EXERCISE:
Where the records below show a line containing "Public vs Private", start copying; end with the line containing "ITC’s Paperboards &", and copy it too.

┄┄┄┄┄┄┄┄┄┄

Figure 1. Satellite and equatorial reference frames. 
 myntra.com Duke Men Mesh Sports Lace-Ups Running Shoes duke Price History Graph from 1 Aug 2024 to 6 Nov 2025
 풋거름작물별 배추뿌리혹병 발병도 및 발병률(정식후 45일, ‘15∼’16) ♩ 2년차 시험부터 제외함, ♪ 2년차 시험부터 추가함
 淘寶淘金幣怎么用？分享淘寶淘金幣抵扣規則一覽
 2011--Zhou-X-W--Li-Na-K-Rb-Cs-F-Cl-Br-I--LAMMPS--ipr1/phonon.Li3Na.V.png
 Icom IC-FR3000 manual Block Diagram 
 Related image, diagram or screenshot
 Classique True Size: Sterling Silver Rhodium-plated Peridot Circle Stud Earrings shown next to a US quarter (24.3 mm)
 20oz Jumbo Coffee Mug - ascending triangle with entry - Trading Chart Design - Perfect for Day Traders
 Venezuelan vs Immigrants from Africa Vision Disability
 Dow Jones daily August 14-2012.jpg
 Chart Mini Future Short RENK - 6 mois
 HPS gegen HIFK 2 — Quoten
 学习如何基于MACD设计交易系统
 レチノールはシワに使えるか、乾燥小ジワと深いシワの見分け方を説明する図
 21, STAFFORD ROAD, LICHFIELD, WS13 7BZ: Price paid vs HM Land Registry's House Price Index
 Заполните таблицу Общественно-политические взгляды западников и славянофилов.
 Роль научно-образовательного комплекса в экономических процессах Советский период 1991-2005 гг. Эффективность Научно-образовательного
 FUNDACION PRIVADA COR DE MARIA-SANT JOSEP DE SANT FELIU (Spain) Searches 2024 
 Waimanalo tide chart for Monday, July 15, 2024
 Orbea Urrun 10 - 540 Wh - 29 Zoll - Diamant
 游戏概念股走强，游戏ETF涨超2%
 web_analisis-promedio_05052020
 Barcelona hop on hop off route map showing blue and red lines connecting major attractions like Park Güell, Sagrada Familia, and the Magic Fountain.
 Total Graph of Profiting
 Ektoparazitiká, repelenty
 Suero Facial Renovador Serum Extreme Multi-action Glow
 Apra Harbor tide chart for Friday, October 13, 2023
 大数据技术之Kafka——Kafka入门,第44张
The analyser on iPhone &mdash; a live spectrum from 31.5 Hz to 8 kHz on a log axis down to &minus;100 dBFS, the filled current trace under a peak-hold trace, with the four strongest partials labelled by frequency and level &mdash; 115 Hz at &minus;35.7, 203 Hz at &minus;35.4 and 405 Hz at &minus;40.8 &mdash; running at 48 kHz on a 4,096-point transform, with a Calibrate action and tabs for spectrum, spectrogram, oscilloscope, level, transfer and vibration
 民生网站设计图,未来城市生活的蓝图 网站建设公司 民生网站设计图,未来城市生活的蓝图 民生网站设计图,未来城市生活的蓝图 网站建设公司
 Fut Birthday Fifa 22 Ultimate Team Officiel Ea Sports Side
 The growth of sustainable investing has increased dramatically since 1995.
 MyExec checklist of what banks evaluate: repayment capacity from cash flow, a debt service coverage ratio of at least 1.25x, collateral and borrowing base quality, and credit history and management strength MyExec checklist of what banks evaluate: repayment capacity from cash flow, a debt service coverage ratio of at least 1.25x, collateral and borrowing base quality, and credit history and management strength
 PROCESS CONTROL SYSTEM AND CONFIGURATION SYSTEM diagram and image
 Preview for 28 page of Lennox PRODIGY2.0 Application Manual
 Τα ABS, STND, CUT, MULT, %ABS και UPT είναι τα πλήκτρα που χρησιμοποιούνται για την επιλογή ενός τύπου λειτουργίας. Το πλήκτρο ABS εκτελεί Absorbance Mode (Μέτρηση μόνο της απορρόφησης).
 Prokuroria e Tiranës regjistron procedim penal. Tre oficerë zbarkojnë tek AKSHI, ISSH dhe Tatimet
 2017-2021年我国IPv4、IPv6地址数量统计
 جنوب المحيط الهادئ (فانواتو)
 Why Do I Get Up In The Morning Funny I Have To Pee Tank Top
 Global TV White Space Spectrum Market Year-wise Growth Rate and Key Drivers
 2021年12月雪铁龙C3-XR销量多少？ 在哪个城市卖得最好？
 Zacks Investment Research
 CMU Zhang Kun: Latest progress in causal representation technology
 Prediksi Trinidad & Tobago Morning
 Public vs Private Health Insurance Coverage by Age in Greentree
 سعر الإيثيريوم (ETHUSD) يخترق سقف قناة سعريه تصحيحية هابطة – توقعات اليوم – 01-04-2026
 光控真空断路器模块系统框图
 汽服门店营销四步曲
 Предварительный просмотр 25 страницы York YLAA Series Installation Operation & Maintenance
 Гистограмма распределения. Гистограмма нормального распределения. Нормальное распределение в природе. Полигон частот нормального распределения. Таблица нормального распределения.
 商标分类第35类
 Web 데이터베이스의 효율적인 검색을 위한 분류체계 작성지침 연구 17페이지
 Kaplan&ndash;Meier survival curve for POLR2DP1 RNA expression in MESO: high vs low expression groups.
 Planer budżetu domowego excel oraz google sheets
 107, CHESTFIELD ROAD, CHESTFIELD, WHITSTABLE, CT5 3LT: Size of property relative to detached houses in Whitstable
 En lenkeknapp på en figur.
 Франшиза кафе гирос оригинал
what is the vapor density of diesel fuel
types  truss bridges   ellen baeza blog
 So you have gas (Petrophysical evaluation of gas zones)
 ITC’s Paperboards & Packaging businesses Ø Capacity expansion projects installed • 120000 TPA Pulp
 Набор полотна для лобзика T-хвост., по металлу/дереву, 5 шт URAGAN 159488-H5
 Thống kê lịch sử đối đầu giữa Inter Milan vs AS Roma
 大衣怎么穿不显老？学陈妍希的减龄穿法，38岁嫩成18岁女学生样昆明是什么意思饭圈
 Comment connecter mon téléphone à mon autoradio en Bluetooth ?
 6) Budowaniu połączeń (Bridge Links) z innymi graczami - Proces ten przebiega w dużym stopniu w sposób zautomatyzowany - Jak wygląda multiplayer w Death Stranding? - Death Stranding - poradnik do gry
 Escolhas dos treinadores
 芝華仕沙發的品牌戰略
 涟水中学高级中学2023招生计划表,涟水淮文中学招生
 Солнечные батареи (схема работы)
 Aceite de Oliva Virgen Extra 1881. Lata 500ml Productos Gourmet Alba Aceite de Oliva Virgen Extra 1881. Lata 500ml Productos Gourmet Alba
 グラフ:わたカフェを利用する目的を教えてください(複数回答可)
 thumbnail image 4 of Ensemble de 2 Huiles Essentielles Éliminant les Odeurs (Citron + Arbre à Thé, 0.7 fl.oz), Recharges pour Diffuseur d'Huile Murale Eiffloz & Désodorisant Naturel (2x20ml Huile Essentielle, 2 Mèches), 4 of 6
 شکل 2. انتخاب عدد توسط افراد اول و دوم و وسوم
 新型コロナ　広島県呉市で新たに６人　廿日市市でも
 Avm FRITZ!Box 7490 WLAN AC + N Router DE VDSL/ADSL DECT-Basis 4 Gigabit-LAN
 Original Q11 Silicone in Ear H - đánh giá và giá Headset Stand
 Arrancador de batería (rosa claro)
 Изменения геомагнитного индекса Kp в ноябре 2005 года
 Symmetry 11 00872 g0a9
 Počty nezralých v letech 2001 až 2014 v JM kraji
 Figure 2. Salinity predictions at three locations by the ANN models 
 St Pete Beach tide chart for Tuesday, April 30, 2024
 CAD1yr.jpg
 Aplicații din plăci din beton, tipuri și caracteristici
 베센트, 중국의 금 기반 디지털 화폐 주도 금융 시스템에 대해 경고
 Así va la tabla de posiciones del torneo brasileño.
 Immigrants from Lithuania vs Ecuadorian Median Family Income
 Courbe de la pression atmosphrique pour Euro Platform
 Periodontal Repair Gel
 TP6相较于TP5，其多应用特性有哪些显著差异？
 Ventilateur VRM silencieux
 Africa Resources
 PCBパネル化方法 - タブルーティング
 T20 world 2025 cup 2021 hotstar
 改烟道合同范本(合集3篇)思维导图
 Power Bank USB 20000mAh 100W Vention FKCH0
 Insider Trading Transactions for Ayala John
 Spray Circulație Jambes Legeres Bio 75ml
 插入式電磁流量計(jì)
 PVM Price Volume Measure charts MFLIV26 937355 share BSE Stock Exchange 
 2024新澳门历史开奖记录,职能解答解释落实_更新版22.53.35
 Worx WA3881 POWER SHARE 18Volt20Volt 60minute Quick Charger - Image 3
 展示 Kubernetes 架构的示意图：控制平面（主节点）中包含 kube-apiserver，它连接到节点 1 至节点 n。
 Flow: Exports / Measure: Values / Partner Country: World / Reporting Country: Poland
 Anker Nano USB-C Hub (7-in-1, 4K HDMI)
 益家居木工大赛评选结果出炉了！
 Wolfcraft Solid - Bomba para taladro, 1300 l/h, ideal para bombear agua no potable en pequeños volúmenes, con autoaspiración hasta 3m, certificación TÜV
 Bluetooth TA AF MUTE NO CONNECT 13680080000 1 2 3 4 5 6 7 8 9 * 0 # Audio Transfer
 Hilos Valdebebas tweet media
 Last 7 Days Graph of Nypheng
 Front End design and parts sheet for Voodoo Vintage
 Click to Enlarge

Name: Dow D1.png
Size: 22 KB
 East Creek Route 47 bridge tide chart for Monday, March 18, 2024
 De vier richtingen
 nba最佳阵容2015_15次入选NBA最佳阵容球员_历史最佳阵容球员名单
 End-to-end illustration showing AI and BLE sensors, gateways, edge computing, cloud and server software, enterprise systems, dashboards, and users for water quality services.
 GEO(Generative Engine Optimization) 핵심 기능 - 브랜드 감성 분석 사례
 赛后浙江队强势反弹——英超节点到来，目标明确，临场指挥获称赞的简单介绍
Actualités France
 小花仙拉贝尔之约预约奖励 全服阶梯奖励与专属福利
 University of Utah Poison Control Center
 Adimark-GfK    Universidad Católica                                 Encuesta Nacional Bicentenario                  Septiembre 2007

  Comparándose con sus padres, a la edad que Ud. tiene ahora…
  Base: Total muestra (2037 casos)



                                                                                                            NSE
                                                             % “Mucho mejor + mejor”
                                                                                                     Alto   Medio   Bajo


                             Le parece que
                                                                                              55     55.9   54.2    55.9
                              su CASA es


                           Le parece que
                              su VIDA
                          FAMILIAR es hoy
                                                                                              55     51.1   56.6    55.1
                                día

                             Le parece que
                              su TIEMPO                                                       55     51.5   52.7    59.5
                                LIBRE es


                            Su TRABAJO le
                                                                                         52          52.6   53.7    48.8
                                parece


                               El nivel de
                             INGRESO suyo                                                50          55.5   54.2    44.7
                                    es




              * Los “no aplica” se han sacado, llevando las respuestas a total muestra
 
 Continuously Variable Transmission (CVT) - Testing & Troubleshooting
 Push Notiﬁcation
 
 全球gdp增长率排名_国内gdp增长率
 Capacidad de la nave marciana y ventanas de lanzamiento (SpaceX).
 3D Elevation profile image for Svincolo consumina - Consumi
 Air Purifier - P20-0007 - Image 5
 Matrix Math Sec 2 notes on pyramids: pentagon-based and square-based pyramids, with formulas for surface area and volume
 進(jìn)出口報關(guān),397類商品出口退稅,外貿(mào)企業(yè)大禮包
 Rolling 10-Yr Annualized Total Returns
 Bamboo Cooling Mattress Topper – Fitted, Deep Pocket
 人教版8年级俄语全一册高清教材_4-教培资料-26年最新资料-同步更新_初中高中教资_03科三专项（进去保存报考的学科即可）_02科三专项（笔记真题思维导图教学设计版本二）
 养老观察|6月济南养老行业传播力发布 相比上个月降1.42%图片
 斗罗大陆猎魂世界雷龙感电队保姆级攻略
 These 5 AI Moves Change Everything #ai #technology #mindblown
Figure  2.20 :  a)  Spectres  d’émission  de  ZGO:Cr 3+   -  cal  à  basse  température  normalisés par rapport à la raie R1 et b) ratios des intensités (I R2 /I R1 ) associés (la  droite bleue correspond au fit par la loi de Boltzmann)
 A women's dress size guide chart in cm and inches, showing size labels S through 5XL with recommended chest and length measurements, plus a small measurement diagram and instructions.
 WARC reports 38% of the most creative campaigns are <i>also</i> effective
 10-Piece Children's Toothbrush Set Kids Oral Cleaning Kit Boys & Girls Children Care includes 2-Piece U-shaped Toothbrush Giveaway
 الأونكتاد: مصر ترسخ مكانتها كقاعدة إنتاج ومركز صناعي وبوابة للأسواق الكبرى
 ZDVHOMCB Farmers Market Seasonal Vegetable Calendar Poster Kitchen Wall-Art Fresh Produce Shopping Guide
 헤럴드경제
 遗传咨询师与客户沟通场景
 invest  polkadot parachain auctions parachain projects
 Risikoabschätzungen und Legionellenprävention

┄┄┄┄┄┄┄┄┄┄

ANSWER BOX:
 Public vs Private Health Insurance Coverage by Age in Greentree
 سعر الإيثيريوم (ETHUSD) يخترق سقف قناة سعريه تصحيحية هابطة – توقعات اليوم – 01-04-2026
 光控真空断路器模块系统框图
 汽服门店营销四步曲
 Предварительный просмотр 25 страницы York YLAA Series Installation Operation & Maintenance
 Гистограмма распределения. Гистограмма нормального распределения. Нормальное распределение в природе. Полигон частот нормального распределения. Таблица нормального распределения.
 商标分类第35类
 Web 데이터베이스의 효율적인 검색을 위한 분류체계 작성지침 연구 17페이지
 Kaplan&ndash;Meier survival curve for POLR2DP1 RNA expression in MESO: high vs low expression groups.
 Planer budżetu domowego excel oraz google sheets
 107, CHESTFIELD ROAD, CHESTFIELD, WHITSTABLE, CT5 3LT: Size of property relative to detached houses in Whitstable
 En lenkeknapp på en figur.
 Франшиза кафе гирос оригинал
what is the vapor density of diesel fuel
types  truss bridges   ellen baeza blog
 So you have gas (Petrophysical evaluation of gas zones)
 ITC’s Paperboards & Packaging businesses Ø Capacity expansion projects installed • 120000 TPA Pulp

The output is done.